Begitupun, Dedi (30) pedagang cabe dan sayuran serta kebutuhan harian, mengatakan, “Kondisi pasar alhamdulilah sudah berjalan lancar.” Tapi tetap saja ia mengakui bahwa beberapa barang masih mahal dan bahkan langka. Tidak sebagaimana semingu yang lalu beras sudah muilai normal dengan harga 5000 per kilogram. Tapi telur mengalami kelangkaan. Sehingga harganya sempat mencapai 3000 rupiah per butirnya. Belakangan memang turun, sampai 1200 rupiah per butirnya. Gula juga mengalami kelangkaan yang sangat sampai hari ini di pasar Induk belum ada stok barang. Harganya pun mencapai 8000 rupiah per kilo gram.

Dedi menambahkan, “Kami biasa mengambil bahan-bahan tersebut dari Pasar Lambaro dan Lampaseh, tapi saat ini hanya Pasar Lambaro yang menjadi pasar induk karena Lampaseh telah hancur. Dan hingga kini tak berfungsi kembali. Namun kami juga bersyukur pasar yang hidup di Aceh saat ini hanya Pasar pagi Ketapang Dua ini dengan Pasar Lambaro, sehingga pembeli yang biasanya hanya sampai jam 11 tapi sekarang hingga sore hari kami tetap buka. Namun, membludaknya pembeli tidak jumlah diiringi dengan pasokan barang yang memadai. 

Sementara, Zakaria (25) mengatakan, bahwa yang tidak kalah sulitnya adalah pasokan daging. “Daging kambing mengalami lonjakan yang cukup tinggi. Harga per kilonya mencapai kenaikan 10.000. Sedang daging sapi juga mengalami lonjakan kenaikan yang tingi pula mencapai 15.000,” katanya kepada Majalah Ghoib. Apalagi jagal atau pemotongan hewan saat ini hanya ada satu di Lambaro. Sedang pemotongan hewan lainnya mengalami kerusakan. “Sehingga praktis kami harus memotong sendiri Pedagang daging di Pasar Pagi Ketapang Dua hewan, baik kambing maupun sapi,” tambah Zakaria. Begitupun, pembeli daging masih nampak sepi. Menurut Zakaria, para pengungsi sepertinya enggan untuk membeli daging. Rata rata mereka sengaja berhemat. la biasanya bisa menjual satu sapi untuk satu kali penjualan. Sekarang ia harus menjualnya dua kali. Untuk menyiasati itu, Zakaria mencoba mengatasinya dengan membuat dua lapak penjualan.
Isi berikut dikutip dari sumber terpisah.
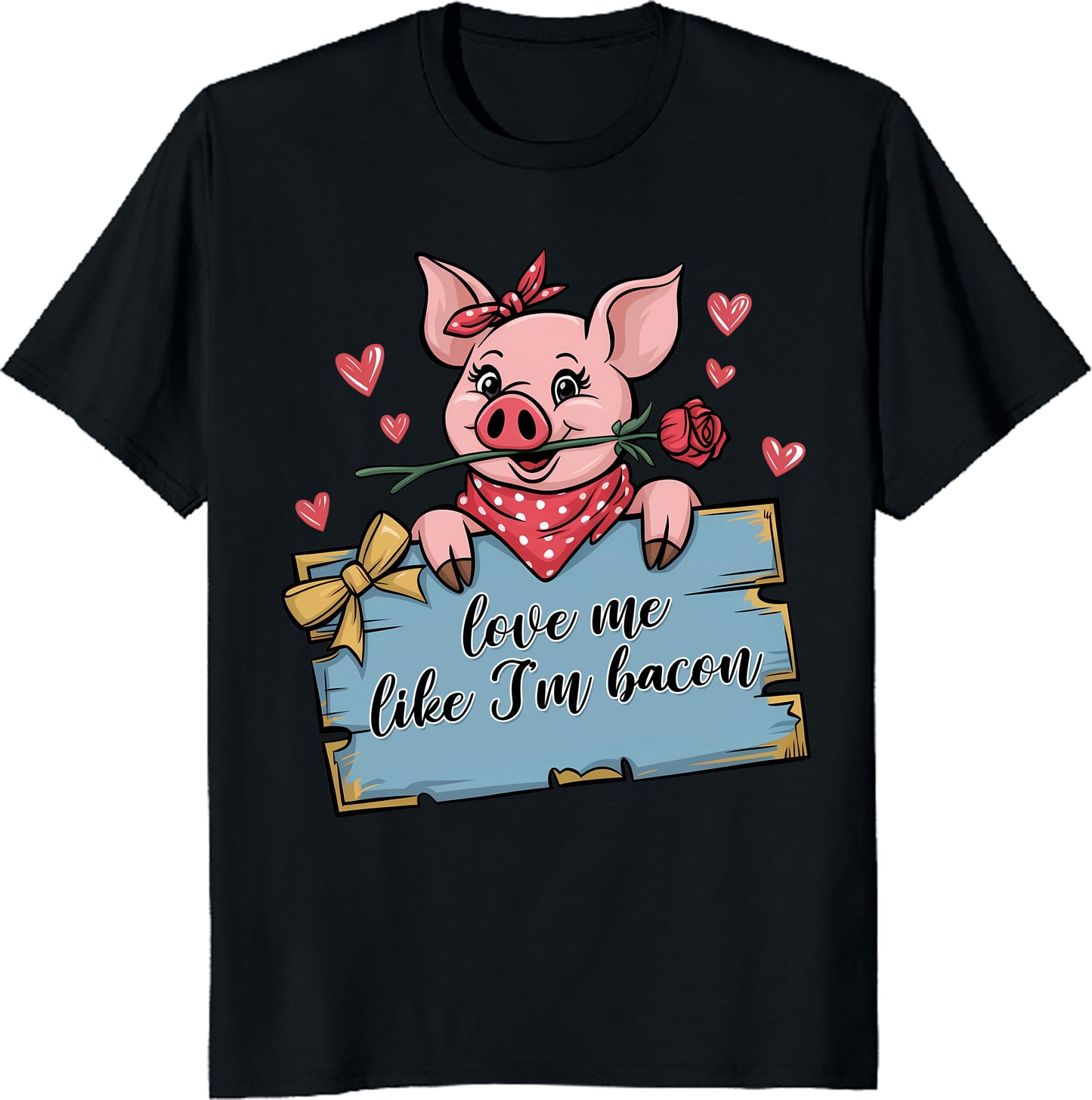 Cute Pig Love Unisex Heavy Cotton Tee - "Love Me Like I'm Bacon" - Valentine Gift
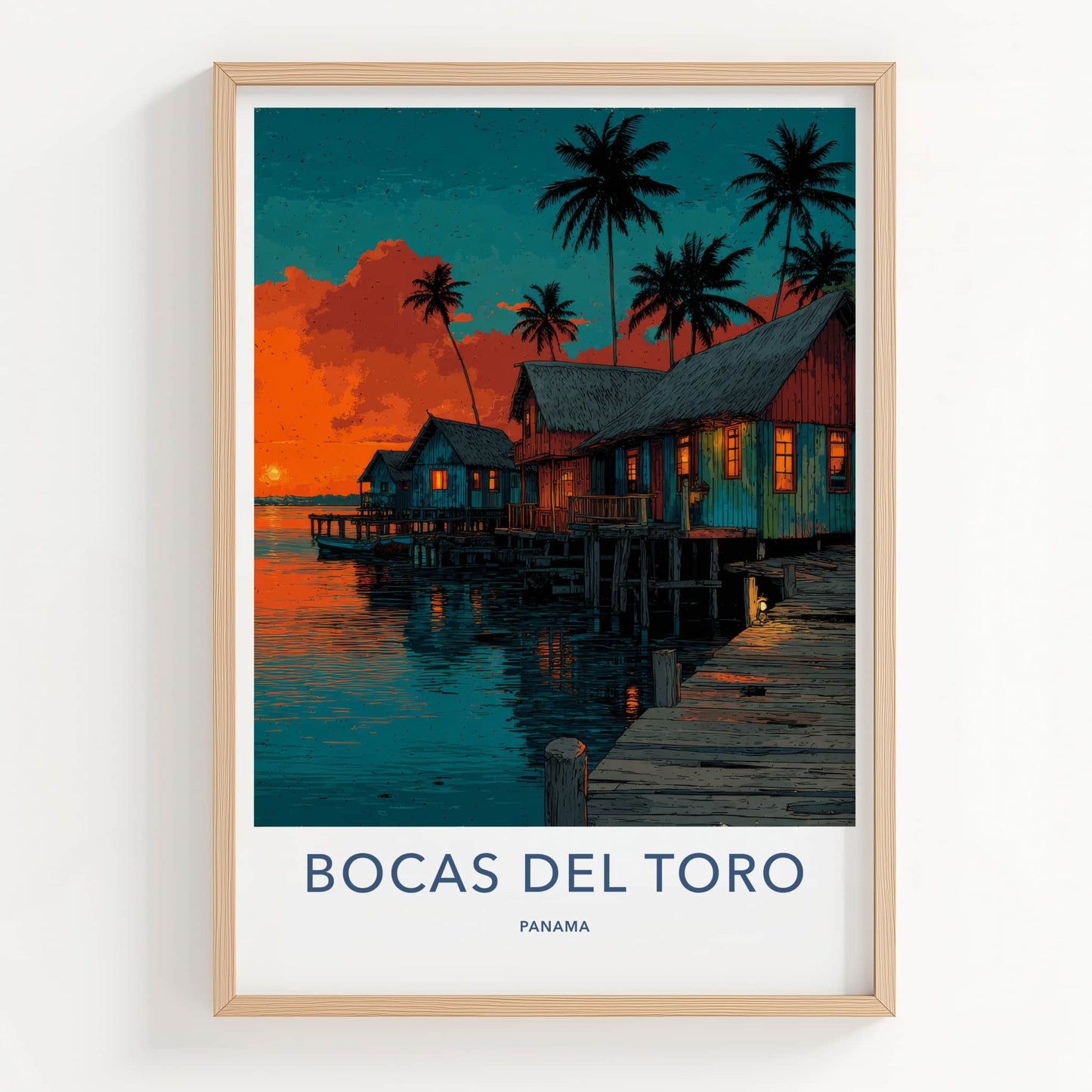 Bocas del Toro Poster - Panama Travel Art - Stilt Houses Sunset Wall Decor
Sedangkan Didi (34), pedagang sayur mayur mengatakan, bahwa saat ini tidak begitu banyak mengalami gangguan. Sayur mayur yang diambil biasanya dari daerah tinggi seperti Sigli, yang jauh dari terpaan badai Tsunami. Sehingga praktis seluruh sayuran sangat mudah didapat. Harga pun tidak mengalami kenaikan yang begitu tajam. “Sempat mengalami kenaikan berkisar 1000- 2000 perak. Tapi itu kami anggap normal untuk kondisi sekarang.” jelas Didi.

Yang paling susah justru mencari ikan basah dan segar. Yang ada hanyalah ikan-ikan teri atau ikan yang sudah diasinkan. Padahal masyarakat Aceh sangat suka dengan ikan segar dan menghindari ikan yang diasinkan. Kalau ada mungkin hanya segelintir saja. Itu pun harganya melangit.

Pasar Ketapang, juga punya catatan sendiri bagi Suryanto (55). Lelaki asal Malang. Di Pasar Ketapang, Suryanto (54), yang sehari-hari berjualan tahu goreng dan bakwan itu, mengatakan bahwa pada mulanya, ia tidak hendak berjualan bakwan. Sekitar empat bulan lalu, ia sengaja pergi ke Aceh bersama istrinya untuk menjenguk kakaknya. Sekaligus, niatnya, akan mencoba usaha dagang bakso. Anak-anaknya sudah besar. Yang pertama sudah kuliah, yang kedua sudah SMA. Satu lagi sedang SMP.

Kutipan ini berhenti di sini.